/GloRe

Global Reasoning module for visual recognition

Primary LanguagePythonMIT LicenseMIT

GloRe

Implementation for: Graph-Based Global Reasoning Networks (CVPR19)

Software

  • Image recognition experiments are in MXNet @92053bd
  • Video and segmentation experiments are in PyTorch (0.5.0a0+783f2c6)

Train & Evaluate

Train kinetics (single node):

./run_local.sh

Train kinetics (multiple nodes):

# please setup ./Host before running
./run_dist.sh

Evaluate the trained model on kinetics:

cd test
# check $ROOT/test/*.txt for the testing log
python test-single-clip.py

Note:

  • The code is adapted from MFNet (ECCV18).
  • ImageNet pretrained models (R50, R101) might be required. Please put it under $ROOT/network/pretrained/.
  • For image classification and segmentation tasks, please refer the code below.

Results

Image Recognition (ImageNet-1k)

Model Method Res3 Res4 Code & Model Top-1
ResNet50 Baseline link 76.2 %
ResNet50 w/ GloRe +3 link 78.4 %
ResNet50 w/ GloRe +2 +3 link 78.2 %
SE-ResNet50 Baseline link 77.2 %
SE-ResNet50 w/ GloRe +3 link 78.7 %
Model Method Res3 Res4 Code & Model Top-1
ResNet200 w/ GloRe +3 link 79.4 %
ResNet200 w/ GloRe +2 +3 link 79.7 %
ResNeXt101 (32x4d) w/ GloRe +2 +3 link 79.8 %
DPN-98 w/ GloRe +2 +3 link 80.2 %
DPN-131 w/ GloRe +2 +3 link 80.3 %

* We use pre-activation[1] and strided convolution[2] for all networks for simplicity and consistency.
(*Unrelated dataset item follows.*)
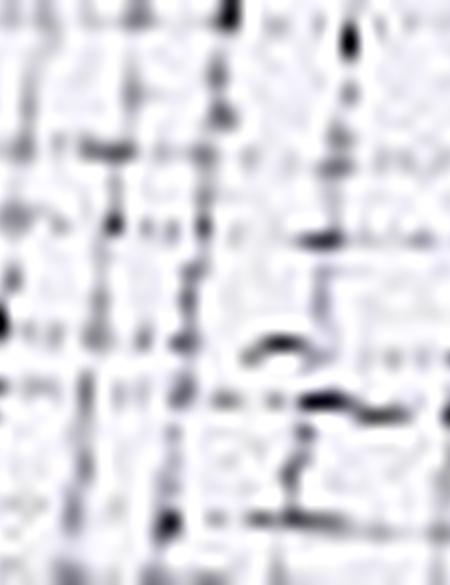 Lacivert Slim Fit Gömlek - 50211190013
Video Recognition (Kinetics-400)

Model input frames stride Res3 Res4 Model Clip Top-1
Res50 (3D) + Ours 8 8 +2 +3 link 68.0 %
Res101 (3D) + Ours 8 8 +2 +3 link 69.2 %

* ImageNet-1k pretrained models: R50(link), R101(link).
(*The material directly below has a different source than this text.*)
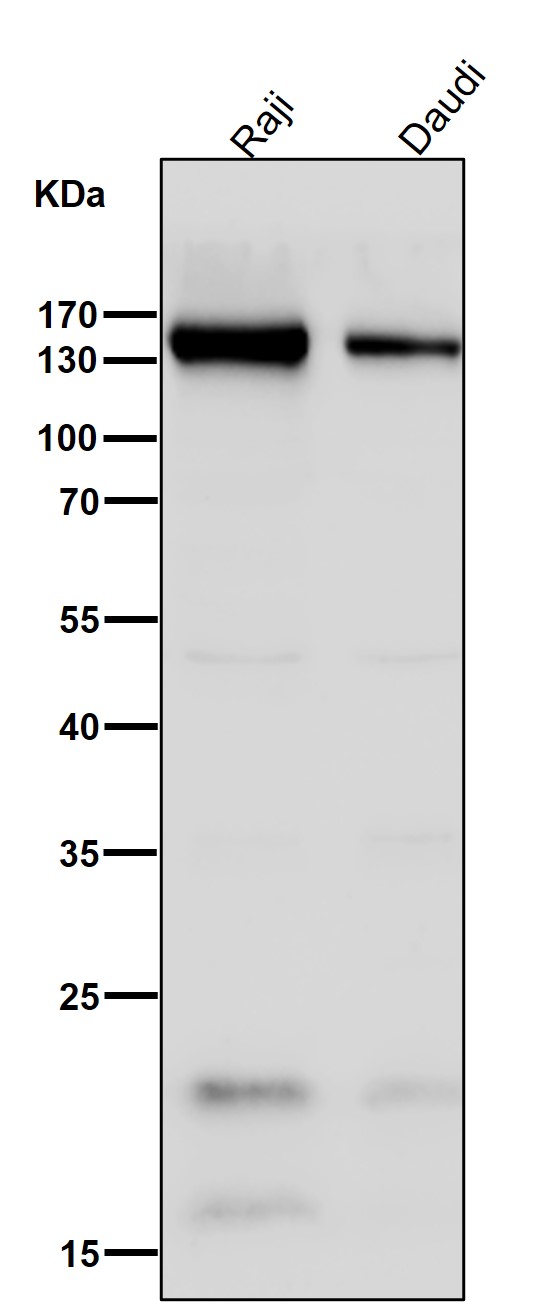 1 - Anti-CD21 CR2 Rabbit Monoclonal Antibody ABO13420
Semantic Segmentation (Cityscapes)

Method Backbone Code & Model IoU cla. iIoU cla. IoU cat. iIoU cat.
FCN + 1 GloRe unit ResNet50 link 79.5% 60.3% 91.3% 81.5%
FCN + 1 GloRe unit ResNet101 link 80.9% 62.2% 91.5% 82.1%

* All networks are evaluated on Cityscapes test set by the testing server without using extra “coarse” training set.

Other Resources

ImageNet-1k Training/Validation List:

ImageNet-1k category name mapping table:

Kinetics Dataset:

Cityscapes Dataset:

FAQ

Where can I find the code for image classification and segmentation?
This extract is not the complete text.